いろいろ驚くことはありますが、白と薄めの木目からなる棚は、フィンランドらしい、シンプルな美しさがあります。フィンランドの家具、食器などを見ると、一件工夫のない非常に単純な風合いをしていますが。それを上手に組み合わせると、シンプルかつ美しく仕上がります。エンジニアの私にとっては、機能性が前面に出たフィンランドデザインは、心にしっくり来ます。
この本棚にも随所に感心する工夫がされています。

棚と側板との差し込みを見るとピンが全く飛び出していません。これは棚の四端が「コ」の字形になっており、これを側板の柱になっている二本の木の間に差し込んで、裏側でピンに引っかける構造になっているためです。

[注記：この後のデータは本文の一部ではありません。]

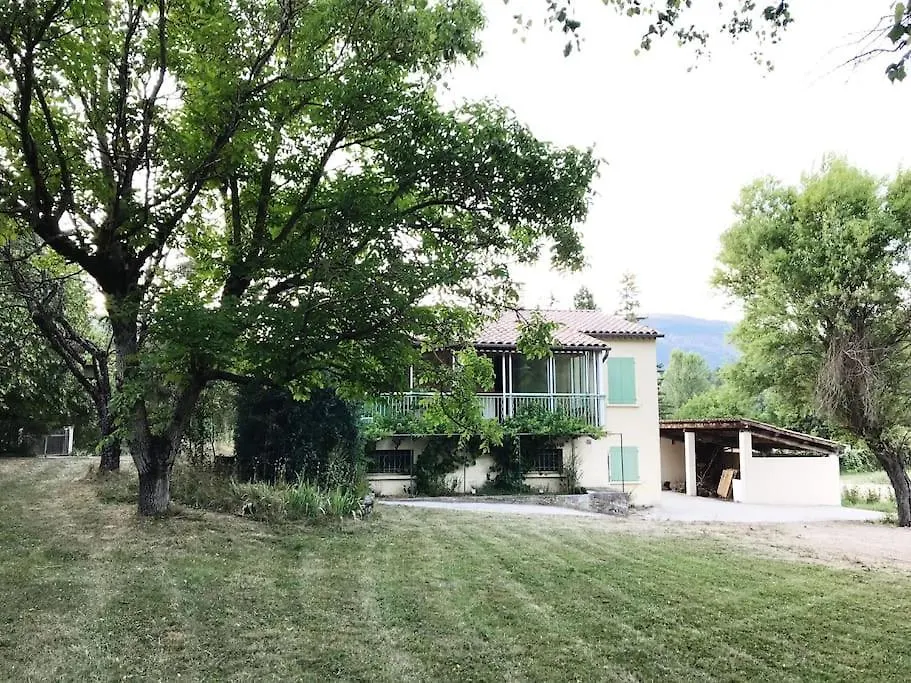 Belle Maison De Campagne Familiale - 8 Personnes Lachau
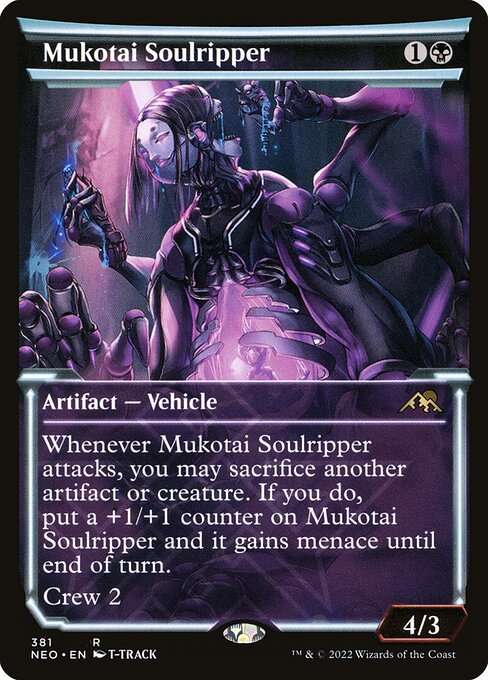 Mukotai Soulripper [Foil]
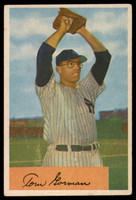 1954 Bowman #17 Tom Gorman EX ID: 80109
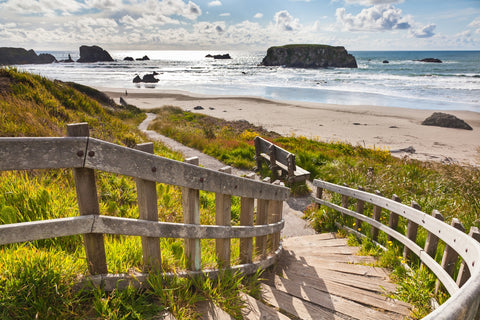 Bandon Beach Wall Art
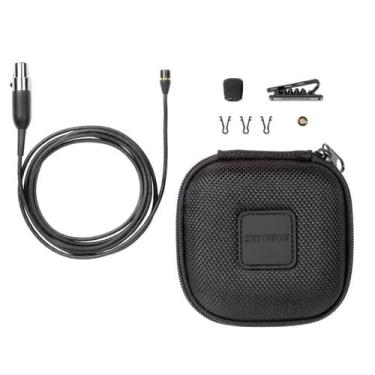 Imagem de Microfone de Lapela Condensador Shure MX150B/C-TQG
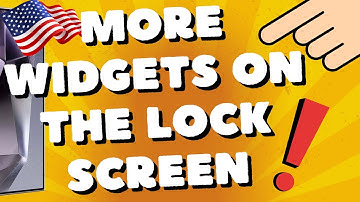 how to activate more widgets on the lock screen Samsung Galaxy S24 plus ULTRA S25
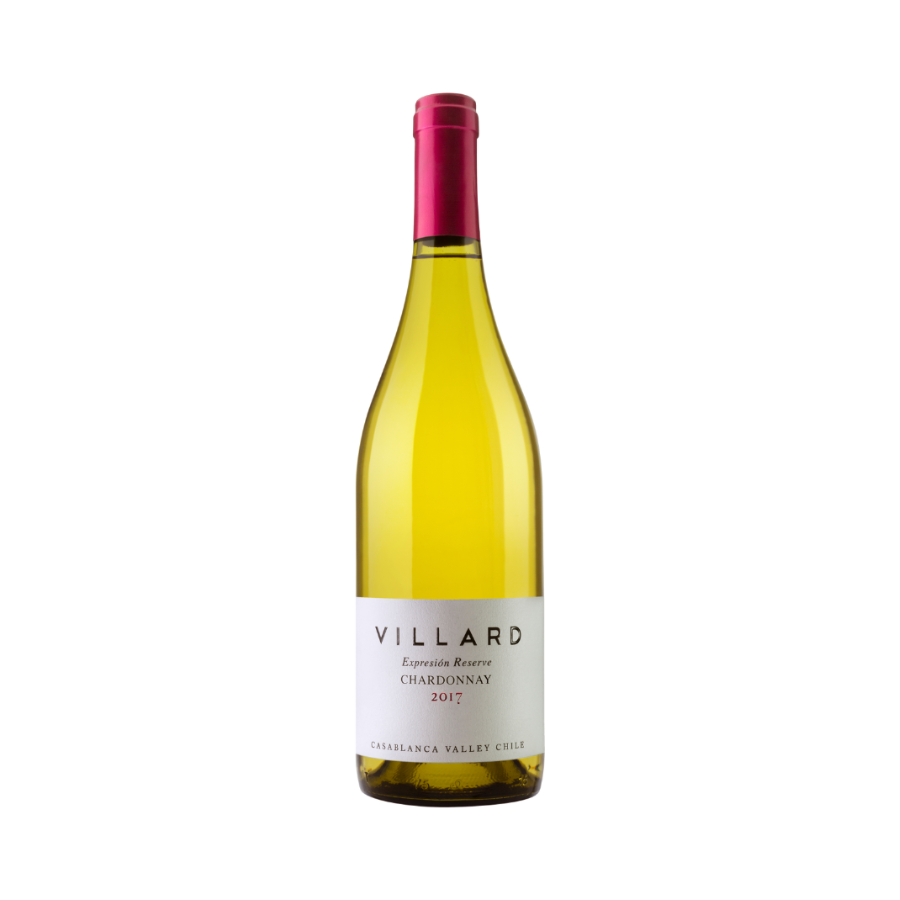 2 Chardonnay Expresion 2018 HIGH SIN FONDO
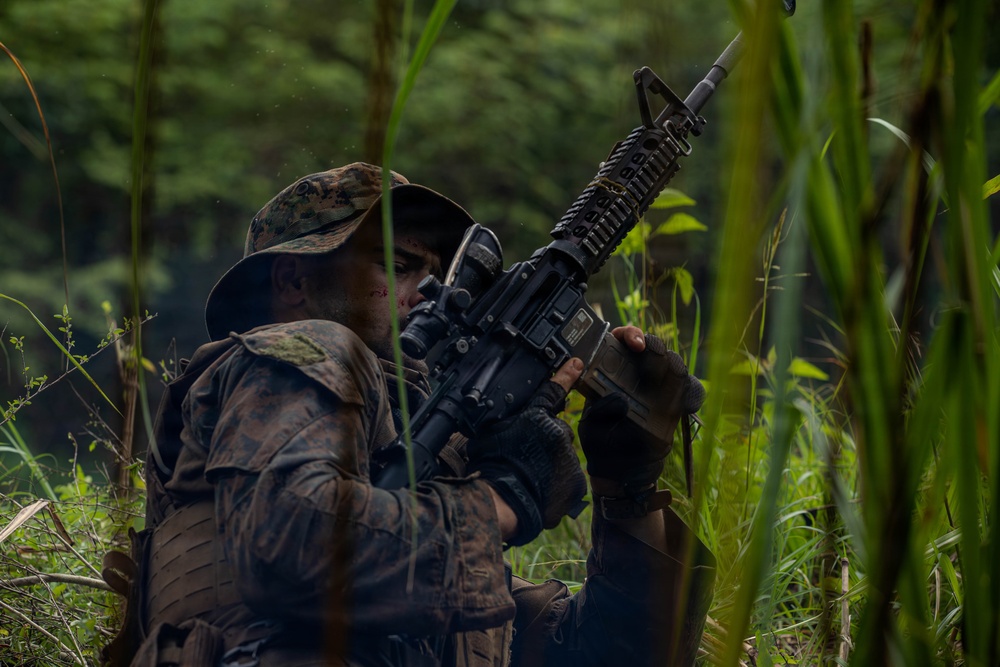 Combined Jungle Operations Training Course 26-2: Assault Mission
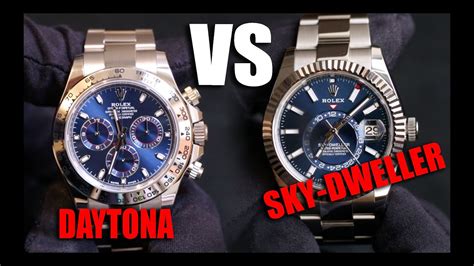 rolex sky dweller oder daytona|Rolex Daytona Vs Rolex Sky Dweller: our Complete Guide.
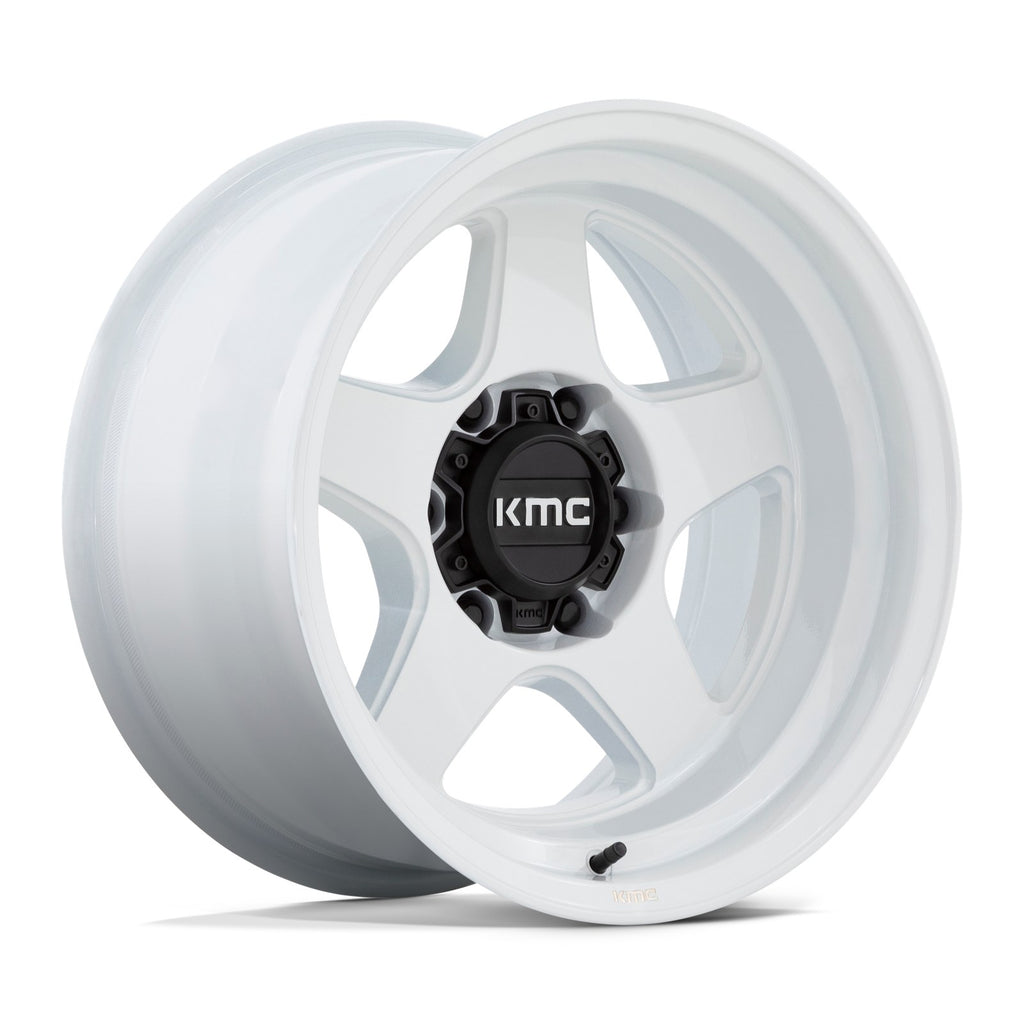 KMC Lobo 17X9 5X5.0 71 G-Wht -38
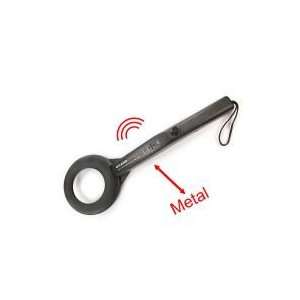  MD 200 Hand Held Metal Detector with Red LED Alert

こうすることで、側板がどちらにも倒れにくくすると同時に、ピンを二本の木に通して棚の荷重を二本の柱に分散する構造になっています。本棚の強度が上がると同時に、ピンがじゃまにならず、見た目にも美しい。非常によくできたデザインです。

棚の接合部
体重計 もう一つ、ヘルシンキの百貨店で見かけたシンプルな商品がこれ、体重計です。

重さを量る構造が機械的に構成されていて、四点で支える構造になっています。表面をガラスで構成することが果たして機能的なのかどうかは疑問がありますが、一時期日本で流行ったスケルトン構造に自然になっています。

フィンランドは全てが素朴です。料理も簡素で「これぞフィンランド料理」という有名なメニューはありませんし、何となく「華やかさ」がありません。だからこそ、何となく心の落ち着く空間や生活が、あちらこちらに溢れているような気がします。